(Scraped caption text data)

^^^^^^^^

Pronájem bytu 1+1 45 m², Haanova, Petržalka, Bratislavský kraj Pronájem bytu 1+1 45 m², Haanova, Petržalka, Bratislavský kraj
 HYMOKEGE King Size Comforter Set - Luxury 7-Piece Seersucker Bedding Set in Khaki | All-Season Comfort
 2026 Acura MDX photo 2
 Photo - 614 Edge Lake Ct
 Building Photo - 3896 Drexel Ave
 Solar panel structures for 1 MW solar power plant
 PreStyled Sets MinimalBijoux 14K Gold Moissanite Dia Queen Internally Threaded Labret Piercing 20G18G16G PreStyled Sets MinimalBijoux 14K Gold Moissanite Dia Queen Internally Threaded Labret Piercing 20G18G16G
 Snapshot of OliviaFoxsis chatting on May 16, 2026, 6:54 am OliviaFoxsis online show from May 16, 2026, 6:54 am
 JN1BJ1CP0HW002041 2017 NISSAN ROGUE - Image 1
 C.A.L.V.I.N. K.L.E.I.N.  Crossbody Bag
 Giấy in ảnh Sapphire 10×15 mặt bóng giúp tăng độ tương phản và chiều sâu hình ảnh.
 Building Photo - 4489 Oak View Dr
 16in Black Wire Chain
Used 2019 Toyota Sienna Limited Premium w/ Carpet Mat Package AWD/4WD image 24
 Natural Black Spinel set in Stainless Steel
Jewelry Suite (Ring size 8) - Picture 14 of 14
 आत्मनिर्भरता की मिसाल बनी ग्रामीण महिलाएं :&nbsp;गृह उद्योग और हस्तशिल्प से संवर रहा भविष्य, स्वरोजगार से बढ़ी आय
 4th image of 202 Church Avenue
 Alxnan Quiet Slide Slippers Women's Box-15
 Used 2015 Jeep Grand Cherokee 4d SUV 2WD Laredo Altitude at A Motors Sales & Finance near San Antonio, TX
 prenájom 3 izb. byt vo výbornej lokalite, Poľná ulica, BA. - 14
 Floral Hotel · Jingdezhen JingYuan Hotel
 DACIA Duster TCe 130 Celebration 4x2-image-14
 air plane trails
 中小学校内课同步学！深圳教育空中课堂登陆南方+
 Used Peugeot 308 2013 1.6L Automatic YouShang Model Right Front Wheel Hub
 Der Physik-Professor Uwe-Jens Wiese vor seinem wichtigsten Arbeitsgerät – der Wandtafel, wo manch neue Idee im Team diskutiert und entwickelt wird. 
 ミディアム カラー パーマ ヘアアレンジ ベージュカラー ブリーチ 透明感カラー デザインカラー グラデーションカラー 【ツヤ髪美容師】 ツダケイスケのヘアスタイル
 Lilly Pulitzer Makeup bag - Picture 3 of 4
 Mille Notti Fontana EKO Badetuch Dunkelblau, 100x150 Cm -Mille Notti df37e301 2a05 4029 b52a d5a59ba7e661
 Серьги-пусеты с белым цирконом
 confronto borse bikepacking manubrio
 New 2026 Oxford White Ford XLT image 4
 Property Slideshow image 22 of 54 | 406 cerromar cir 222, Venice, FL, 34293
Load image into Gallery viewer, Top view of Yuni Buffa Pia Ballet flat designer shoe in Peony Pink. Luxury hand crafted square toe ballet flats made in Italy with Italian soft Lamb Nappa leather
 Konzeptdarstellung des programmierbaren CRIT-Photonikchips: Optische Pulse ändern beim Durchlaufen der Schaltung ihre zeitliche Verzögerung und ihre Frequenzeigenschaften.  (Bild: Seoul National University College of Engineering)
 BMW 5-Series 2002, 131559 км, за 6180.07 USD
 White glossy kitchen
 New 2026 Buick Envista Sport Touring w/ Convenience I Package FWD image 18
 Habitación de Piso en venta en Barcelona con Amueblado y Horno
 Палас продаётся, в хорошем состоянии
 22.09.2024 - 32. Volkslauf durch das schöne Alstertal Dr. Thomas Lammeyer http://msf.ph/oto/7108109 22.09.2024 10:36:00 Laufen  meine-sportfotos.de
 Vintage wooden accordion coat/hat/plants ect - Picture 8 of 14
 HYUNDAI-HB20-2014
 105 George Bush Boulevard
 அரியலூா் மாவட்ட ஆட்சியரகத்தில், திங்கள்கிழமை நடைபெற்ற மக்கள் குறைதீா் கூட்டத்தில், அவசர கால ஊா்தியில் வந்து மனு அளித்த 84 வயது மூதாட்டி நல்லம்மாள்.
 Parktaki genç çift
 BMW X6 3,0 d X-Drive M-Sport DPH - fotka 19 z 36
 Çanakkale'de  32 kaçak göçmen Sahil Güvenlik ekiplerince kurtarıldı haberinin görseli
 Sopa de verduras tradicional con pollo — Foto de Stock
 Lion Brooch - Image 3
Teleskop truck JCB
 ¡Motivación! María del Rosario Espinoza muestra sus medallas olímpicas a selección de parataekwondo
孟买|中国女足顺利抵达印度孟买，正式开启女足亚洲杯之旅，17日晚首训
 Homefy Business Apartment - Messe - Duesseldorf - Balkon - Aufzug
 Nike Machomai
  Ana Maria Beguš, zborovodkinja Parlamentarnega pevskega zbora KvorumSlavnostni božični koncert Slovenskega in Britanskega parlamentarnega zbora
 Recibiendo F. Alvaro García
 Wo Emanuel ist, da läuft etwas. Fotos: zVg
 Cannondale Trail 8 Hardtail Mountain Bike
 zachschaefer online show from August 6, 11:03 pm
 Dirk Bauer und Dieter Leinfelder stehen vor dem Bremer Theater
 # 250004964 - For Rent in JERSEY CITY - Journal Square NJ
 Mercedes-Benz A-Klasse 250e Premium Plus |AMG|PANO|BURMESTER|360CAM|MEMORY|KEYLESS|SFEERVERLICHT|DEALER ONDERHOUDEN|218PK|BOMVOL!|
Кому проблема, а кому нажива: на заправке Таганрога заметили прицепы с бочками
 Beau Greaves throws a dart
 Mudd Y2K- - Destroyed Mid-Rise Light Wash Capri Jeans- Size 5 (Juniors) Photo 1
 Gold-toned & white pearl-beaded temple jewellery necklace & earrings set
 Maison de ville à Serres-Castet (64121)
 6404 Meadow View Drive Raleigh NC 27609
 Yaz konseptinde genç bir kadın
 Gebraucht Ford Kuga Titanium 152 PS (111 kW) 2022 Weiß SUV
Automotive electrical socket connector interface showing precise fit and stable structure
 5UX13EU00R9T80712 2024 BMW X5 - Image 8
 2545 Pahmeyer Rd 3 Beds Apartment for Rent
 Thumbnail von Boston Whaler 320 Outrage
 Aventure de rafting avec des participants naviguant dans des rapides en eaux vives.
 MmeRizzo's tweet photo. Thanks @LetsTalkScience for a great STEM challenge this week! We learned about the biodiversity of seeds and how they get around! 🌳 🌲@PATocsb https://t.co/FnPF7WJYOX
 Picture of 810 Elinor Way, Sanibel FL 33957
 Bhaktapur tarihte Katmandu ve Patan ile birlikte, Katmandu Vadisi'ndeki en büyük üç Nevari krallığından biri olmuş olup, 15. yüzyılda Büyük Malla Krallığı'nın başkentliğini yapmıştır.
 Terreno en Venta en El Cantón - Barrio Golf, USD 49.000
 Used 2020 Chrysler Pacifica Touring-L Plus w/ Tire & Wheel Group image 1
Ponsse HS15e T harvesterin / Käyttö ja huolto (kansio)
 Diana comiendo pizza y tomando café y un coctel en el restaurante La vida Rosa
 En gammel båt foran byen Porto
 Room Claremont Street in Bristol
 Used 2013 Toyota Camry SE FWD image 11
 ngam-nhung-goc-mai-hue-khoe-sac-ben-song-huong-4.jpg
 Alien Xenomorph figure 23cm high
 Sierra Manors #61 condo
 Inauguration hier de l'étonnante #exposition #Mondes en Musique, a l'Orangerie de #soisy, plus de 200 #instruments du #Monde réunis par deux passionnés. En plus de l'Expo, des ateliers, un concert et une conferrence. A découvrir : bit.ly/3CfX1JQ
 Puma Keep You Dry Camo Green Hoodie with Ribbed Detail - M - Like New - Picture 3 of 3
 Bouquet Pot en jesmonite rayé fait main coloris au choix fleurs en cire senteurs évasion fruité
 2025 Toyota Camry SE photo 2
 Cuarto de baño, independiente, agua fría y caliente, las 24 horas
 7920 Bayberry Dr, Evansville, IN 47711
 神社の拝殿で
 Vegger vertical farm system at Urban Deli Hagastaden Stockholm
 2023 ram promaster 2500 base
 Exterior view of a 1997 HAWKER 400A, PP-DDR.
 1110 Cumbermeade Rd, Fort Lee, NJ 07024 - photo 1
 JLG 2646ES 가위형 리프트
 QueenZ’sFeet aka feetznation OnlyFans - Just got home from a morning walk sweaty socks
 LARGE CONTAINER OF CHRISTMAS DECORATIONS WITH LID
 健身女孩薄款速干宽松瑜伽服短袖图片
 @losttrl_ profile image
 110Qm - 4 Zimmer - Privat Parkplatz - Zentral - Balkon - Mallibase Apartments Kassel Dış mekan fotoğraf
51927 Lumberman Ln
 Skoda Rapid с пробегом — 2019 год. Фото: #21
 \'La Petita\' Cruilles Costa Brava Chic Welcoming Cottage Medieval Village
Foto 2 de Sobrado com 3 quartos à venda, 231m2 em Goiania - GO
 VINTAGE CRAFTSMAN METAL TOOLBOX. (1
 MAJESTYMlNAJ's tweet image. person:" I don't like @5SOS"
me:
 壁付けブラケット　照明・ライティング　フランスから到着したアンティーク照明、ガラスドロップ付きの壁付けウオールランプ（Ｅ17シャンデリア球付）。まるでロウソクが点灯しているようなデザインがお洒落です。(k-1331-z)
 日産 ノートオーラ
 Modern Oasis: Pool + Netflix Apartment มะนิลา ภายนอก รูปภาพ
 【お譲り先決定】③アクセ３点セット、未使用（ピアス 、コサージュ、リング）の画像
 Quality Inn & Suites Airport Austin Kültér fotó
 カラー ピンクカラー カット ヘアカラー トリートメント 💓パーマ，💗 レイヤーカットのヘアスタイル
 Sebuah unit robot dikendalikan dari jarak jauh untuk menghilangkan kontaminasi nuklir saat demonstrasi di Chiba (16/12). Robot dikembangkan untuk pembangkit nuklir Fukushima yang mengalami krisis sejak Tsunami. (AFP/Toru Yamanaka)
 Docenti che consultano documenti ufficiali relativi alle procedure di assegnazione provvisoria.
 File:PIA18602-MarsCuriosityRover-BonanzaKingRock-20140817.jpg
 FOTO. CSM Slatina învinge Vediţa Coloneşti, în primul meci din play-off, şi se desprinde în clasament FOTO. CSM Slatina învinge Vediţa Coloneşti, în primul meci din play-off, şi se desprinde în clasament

^^^^^^^^

**Problem to solve**. Your task for the entries above: copy exactly the span starting with the line with "Mille Notti Fontana" and going on through the line with "Load image into", both lines included, and nothing else.

**Response area**.
 Mille Notti Fontana EKO Badetuch Dunkelblau, 100x150 Cm -Mille Notti df37e301 2a05 4029 b52a d5a59ba7e661
 Серьги-пусеты с белым цирконом
 confronto borse bikepacking manubrio
 New 2026 Oxford White Ford XLT image 4
 Property Slideshow image 22 of 54 | 406 cerromar cir 222, Venice, FL, 34293
Load image into Gallery viewer, Top view of Yuni Buffa Pia Ballet flat designer shoe in Peony Pink. Luxury hand crafted square toe ballet flats made in Italy with Italian soft Lamb Nappa leather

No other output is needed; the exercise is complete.